Statistics: Degrees of Freedom

Teacher at chalkboard
Teacher at chalkboard. JGI/Jamie Grille/Blend Images/Getty Images

In statistics, the degrees of freedom are used to define the number of independent quantities that can be assigned to a statistical distribution. This number typically refers to a positive whole number that indicates the lack of restrictions on a person's ability to calculate missing factors from statistical problems.

Degrees of freedom act as variables in the final calculation of a statistic and are used to determine the outcome of different scenarios in a system, and in math degrees of freedom define the number of dimensions in a domain that are needed to determine the full vector.

To illustrate the concept of a degree of freedom, we will look at a basic calculation concerning the sample mean, and to find the mean of a list of data, we add all of the data and divide by the total number of values.

An Illustration with a Sample Mean

For a moment suppose that we know the mean of a data set is 25 and that the values in this set are 20, 10, 50, and one unknown number. The formula for a sample mean gives us the equation (20 + 10 + 50 + x)/4 = 25, where x denotes the unknown, using some basic algebra, one can then determine that the missing number, x, is equal to 20.

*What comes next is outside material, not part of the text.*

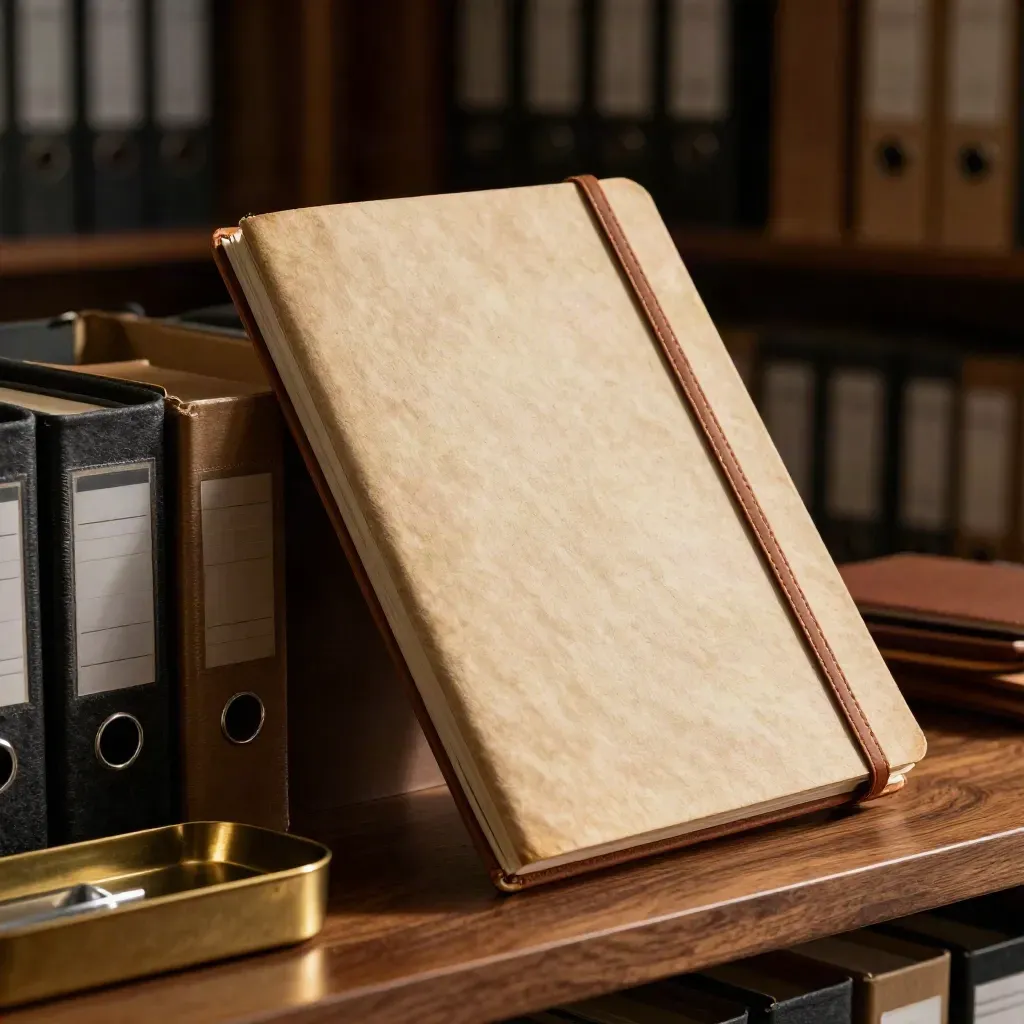 Brass tray, archive box and project notebook in a dramatic office still life.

Let's alter this scenario slightly. Again we suppose that we know the mean of a data set is 25. However, this time the values in the data set are 20, 10, and two unknown values. These unknowns could be different, so we use two different variables, x and y, to denote this. The resulting equation is (20 + 10 + x + y)/4 = 25. With some algebra, we obtain y = 70- x. The formula is written in this form to show that once we choose a value for x, the value for y is completely determined. We have one choice to make, and this shows that there is one degree of freedom.

Now we'll look at a sample size of one hundred. If we know that the mean of this sample data is 20, but do not know the values of any of the data, then there are 99 degrees of freedom. All values must add up to a total of 20 x 100 = 2000. Once we have the values of 99 elements in the data set, then the last one has been determined.

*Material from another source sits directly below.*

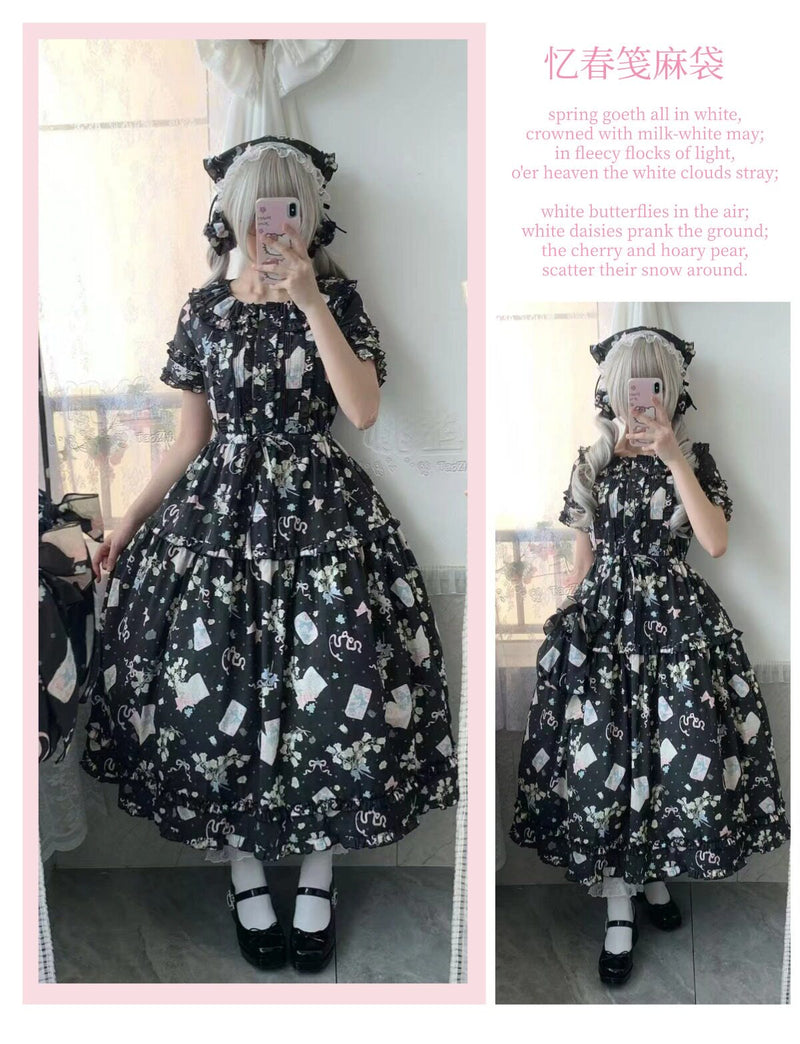 Plum Tree - Remembering Spring Notes - Cotton Floral OP Dress — original supplier detail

Student t-score and Chi-Square Distribution

Degrees of freedom play an important role when using the Student t-score table. There are actually several t-score distributions. We differentiate between these distributions by use of degrees of freedom.

Here the probability distribution that we use depends upon the size of our sample. If our sample size is n, then the number of degrees of freedom is n-1. For instance, a sample size of 22 would require us to use the row of the t-score table with 21 degrees of freedom.

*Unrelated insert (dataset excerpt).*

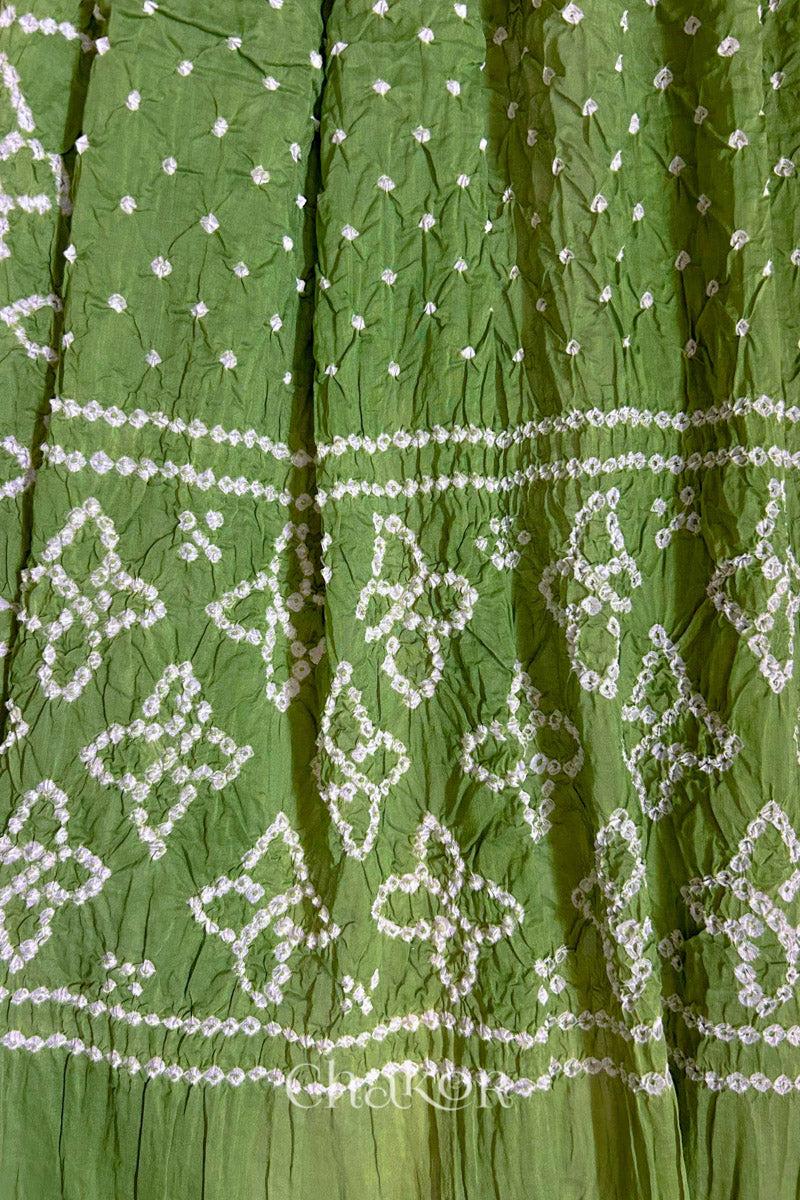 Olive Green Traditional Bandhani Mul Cotton Dupatta by Chakor.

The use of a chi-square distribution also requires the use of degrees of freedom. Here, in an identical manner as with the t-score distribution, the sample size determines which distribution to use. If the sample size is n, then there are n-1 degrees of freedom.

Standard Deviation and Advanced Techniques

Another place where degrees of freedom show up is in the formula for the standard deviation. This occurrence is not as overt, but we can see it if we know where to look. To find a standard deviation we are looking for the "average" deviation from the mean. However, after subtracting the mean from each data value and squaring the differences, we end up dividing by n-1 rather than n as we might expect.

The presence of the n-1 comes from the number of degrees of freedom. Since the n data values and the sample mean are being used in the formula, there are n-1 degrees of freedom.

More advanced statistical techniques use more complicated ways of counting the degrees of freedom. When calculating the test statistic for two means with independent samples of n1 and n2 elements, the number of degrees of freedom has quite a complicated formula. It can be estimated by using the smaller of n1-1 and n2-1

Another example of a different way to count the degrees of freedom comes with an F test. In conducting an F test we have k samples each of size n—the degrees of freedom in the numerator is k-1 and in the denominator is k(n-1).